If the four IOC Vice Presidents who were appointed to examine the possibility endorse the proposal, the Games could return to both cities over the next decade.
It’s win-win, right? Fireworks over the Eiffel Tower, a parade down Hollywood Boulevard – celebrations until dawn marking the realization of dreams in both nations?
Not so much.
The irony is clear: the biggest and most significant differentiator that LA has, one that the bid has been banking on to win in 2024, is the same one Paris is leveraging to win the top prize.
For Paris, this achievement would be monumental. The French Capital hosted the Games in 1900 and 1924, helping the modern Olympic Games gain traction and become the event it is today. But since 1985 the city has yearned for more and has since had bids defeated for the 1992, 2008 and 2012 Games, the latter a narrow and heartbreaking defeat to rival London.
For America, a Los Angeles victory would be similarly significant, confirming a comeback of sorts. Bids by New York for 2012 and Chicago for 2016 were soundly defeated sending a subtle message, it seemed, that there was a rift between the IOC and the United States Olympic Committee (USOC) on political issues. A Games in LA would mark a fresh start.

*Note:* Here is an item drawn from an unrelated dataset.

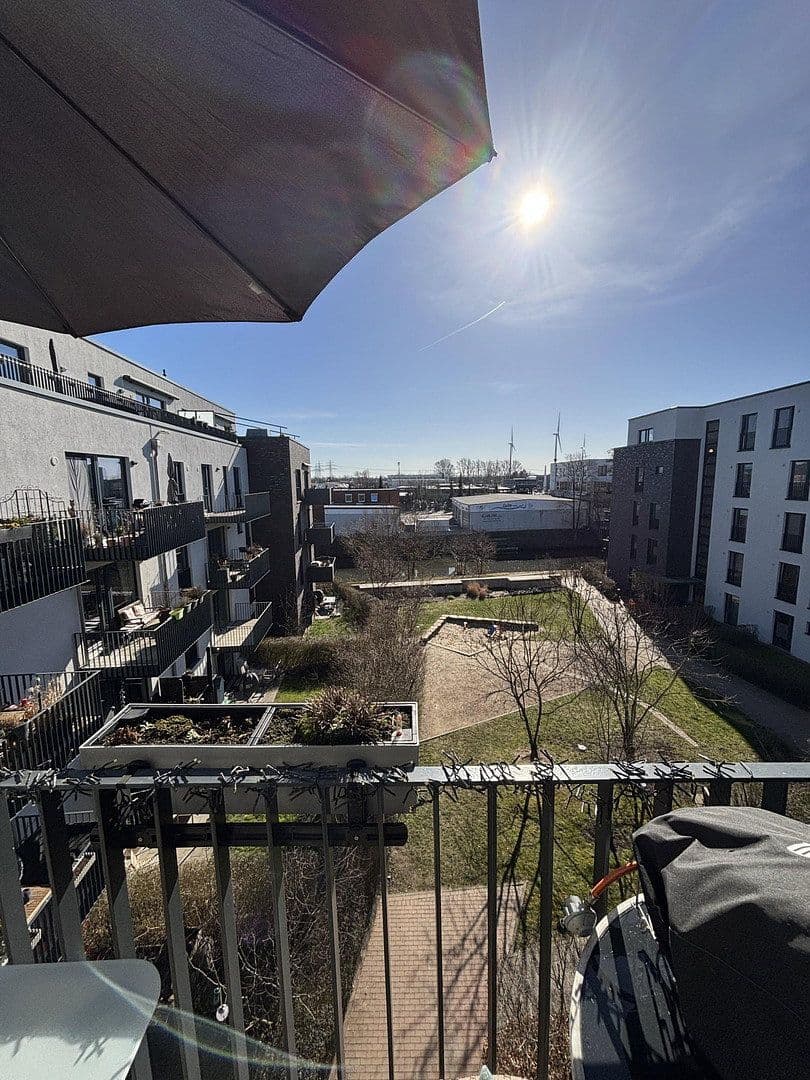 Predaj bytu 4-izbový 107 m², Hamburg, Hamburg Predaj bytu 4-izbový 107 m², Hamburg, Hamburg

But while either city could simply agree to accept the 2028 event as a consolation prize, and walk away with a Games they’ve worked so hard and so long to host – they both instead perceive the runner-up “opportunity” to be a threat to their primary goal of hosting in 2024.

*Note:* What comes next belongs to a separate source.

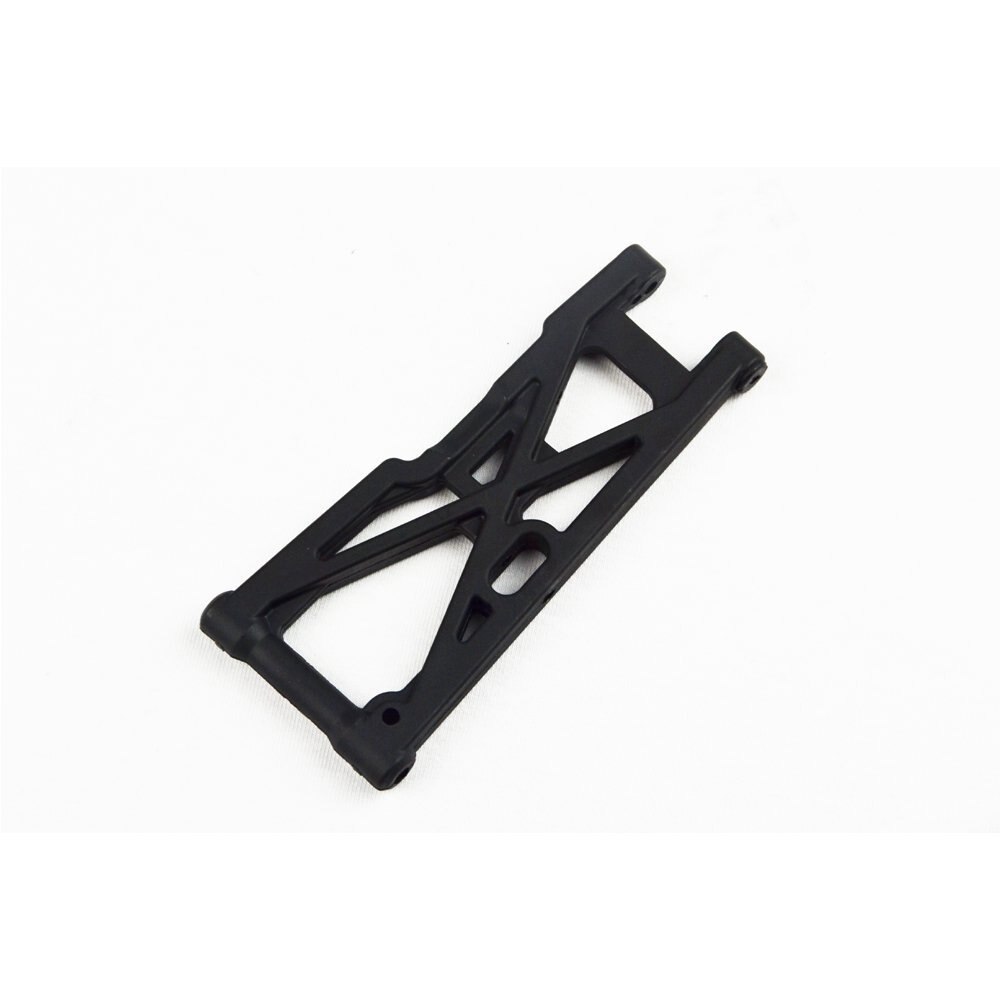 10112 Front Lower Suspension Arm en 10113 Rear Lower Suspension Arm voor Cobra Truggy voor VRX/Riverhobby auto 1/10 rc auto onderdelen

It has launched an un-bidding war, an exchange of words and actions designed to de-emphasize the value of hosting the 2028 Games in the same city that is so perfect instead, they say, for the 2024 Games.
LA has been more subtle, yet direct, in its laser-focussed approach to the 2024 Games. The message by the bid, simply put, is that the project is fine-tailored for 2024 and it’s a Games that the IOC needs to organize right now to help re-build confidence in the premise of hosting the quadrennial event for other cities that hope to host in the future.
“We present a unique stability here,” LA Mayor Eric Garcetti told insidethegames Tuesday on his bid’s unique plan to organize the Games with no permanent venue construction at a time when the IOC has zero tolerance for risk.
“I would love to visit my friends in Paris in 2028,” he said.
But Paris 2024 Co-Chair Tony Estanguet said later “we will not come back for ’28.”
“2024 is now or never for us,” he added.
“We can’t host the Games in 2028 because we don’t have the project available for 2028.”
Estanguet is referring primarily to the Olympic Village concept that requires construction in Seine-Saint-Denis, a venue that is typically the most costly, risky and difficult to plan with a viable legacy. Contracts and agreements, the bid says, are only valid for the 2024 Games.
Whether this is an intentionally self-imposed restriction designed to artificially boost the urgency for 2024, or if there is actually no wiggle room to allow the agreements to be redrafted to accommodate the 2028 Games instead, is not really known.
But the irony is clear: the biggest and most significant differentiator that LA has, one that the bid has been banking on to win in 2024, is the same one Paris is leveraging to win the top prize.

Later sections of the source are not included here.